El director les dijo a los profesores: «Cada mañana, sin pensarlo, les dicen a los padres: 'Nos encargaremos de ellos'. ¿Pero entienden realmente de qué están cuidando?»

Koga dijo que las palabras del director permanecen profundamente grabadas en su corazón.

Un año después del accidente de Nakama, una niña de tres años falleció en circunstancias similares en una guardería de la prefectura de Shizuoka. Quedó atrapada en el autobús de enlace de la guardería.

Al enterarse del incidente, Koga concluyó que este tipo de tragedia "ya no puede ser inimaginable en las guarderías de estos días".

Al recordar su propia hospitalización de dos semanas estando embarazada de su segunda hija, Koga sabía perfectamente lo doloroso que debe ser para las madres perder a un hijo en tales circunstancias, después de arriesgar sus vidas para dar a luz y criarlo con tanto cariño. Su segunda hija ya tiene 7 años.

Incluso después de que las características de seguridad específicas para los autobuses escolares se volvieran obligatorias en la primavera de 2023, continúan ocurriendo incidentes de niños atrapados en automóviles y otros vehículos.

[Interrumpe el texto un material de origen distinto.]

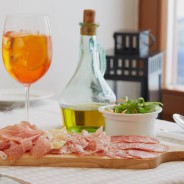 Castellana trattoria: Rodinná a tradiční Itálie podle babiččiných receptů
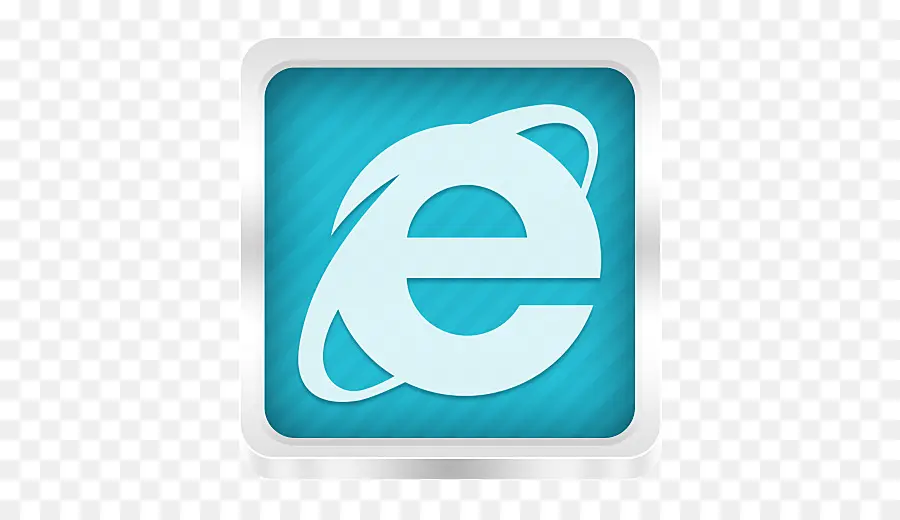 Logo Internet Explorer，Peramban PNG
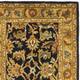 SAFAVIEH Handmade Classic Clotilda Traditional Oriental Wool Rug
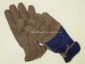 Mens Leather Gloves small picture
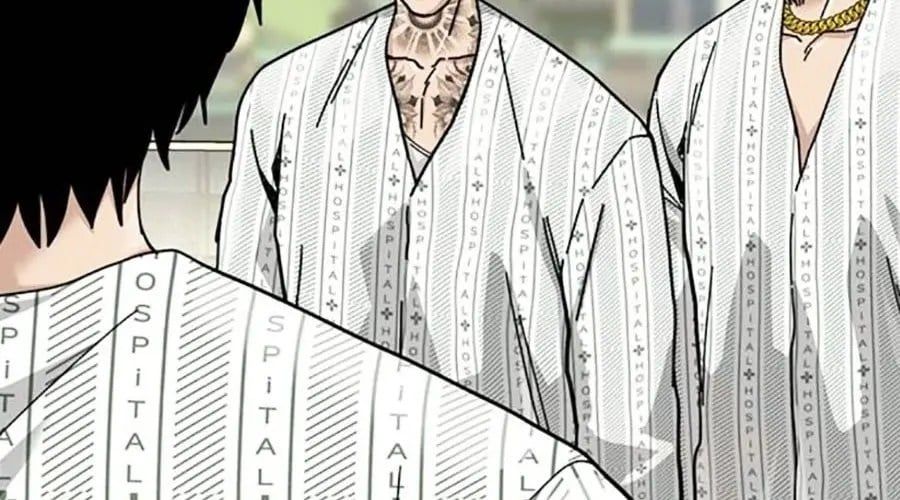 đọc truyện Để Có Thể Sống Sót Chương 190 ảnh 307 tại Thiên Thai Truyện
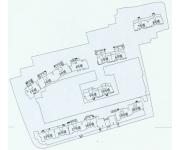 名盛苑（平面图）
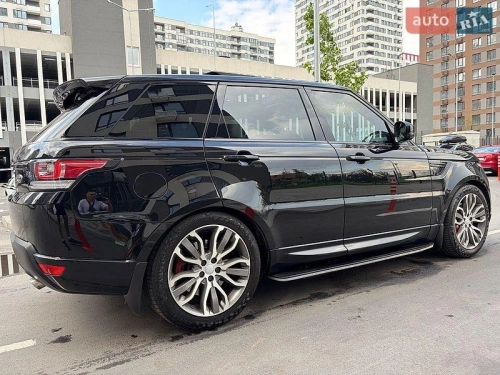 Land Rover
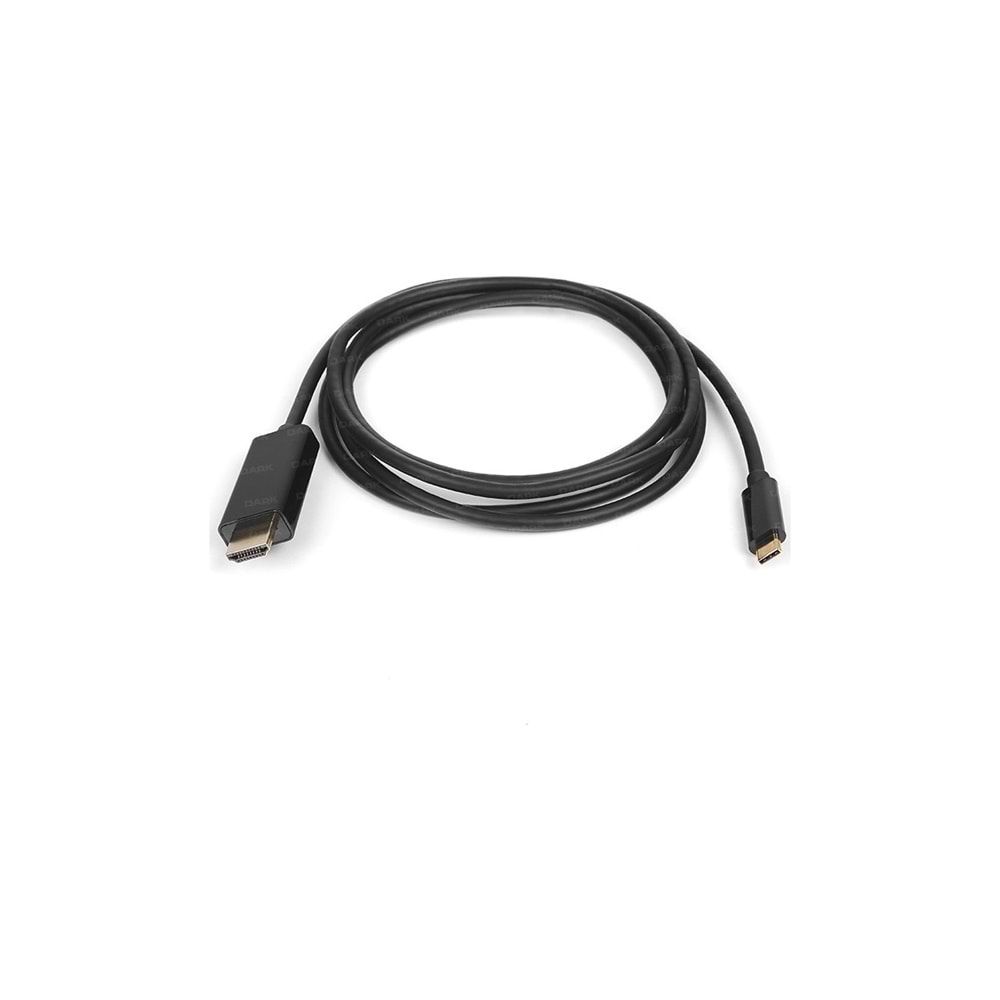 Dark DK-CB-U31XHD USB Type-C to HDMI 1,8 Metre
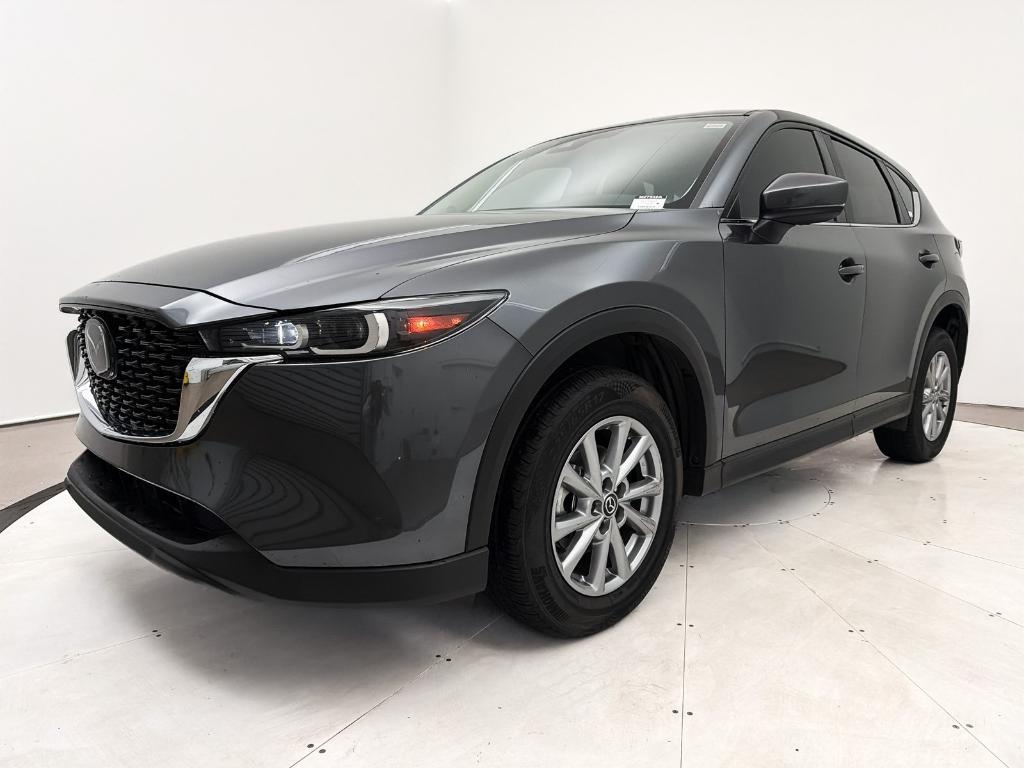 used 2023 Mazda CX-5 car, priced at $24,997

Ese verano, Koga y un ex compañero de jardín de infantes fundaron un grupo de ciudadanos llamado TE to TE.

Fuerza débil en el brazo

El grupo promueve tocar la bocina como parte de un esfuerzo por enseñar a los niños habilidades que pueden salvar vidas y que pueden realizar por sí solos.

Con este enfoque, los niños pequeños con fuerza limitada en los brazos pueden señalar su malestar sin gastar mucha energía, simplemente porque tienen que sentarse en el volante.

Para solicitar donaciones, Koga creó una pegatina con la ilustración de una persona sentada al volante. Comentó que en junio de este año se distribuyeron 4 ejemplares a guarderías y jardines de infancia de Shimonoseki.

"No tengo ninguna'"Quiero que el recuerdo de las tragedias se desvanezca", dijo. "Creo que debemos transmitir a la posteridad las valiosas lecciones que las víctimas infantiles nos enseñaron con sus jóvenes vidas".

Mientras Japón experimenta un calor récord este verano, Koga está abordando la cuestión de salvar vidas con renovado vigor.

"Nunca será aceptable decepcionar a los niños de esta manera", dijo.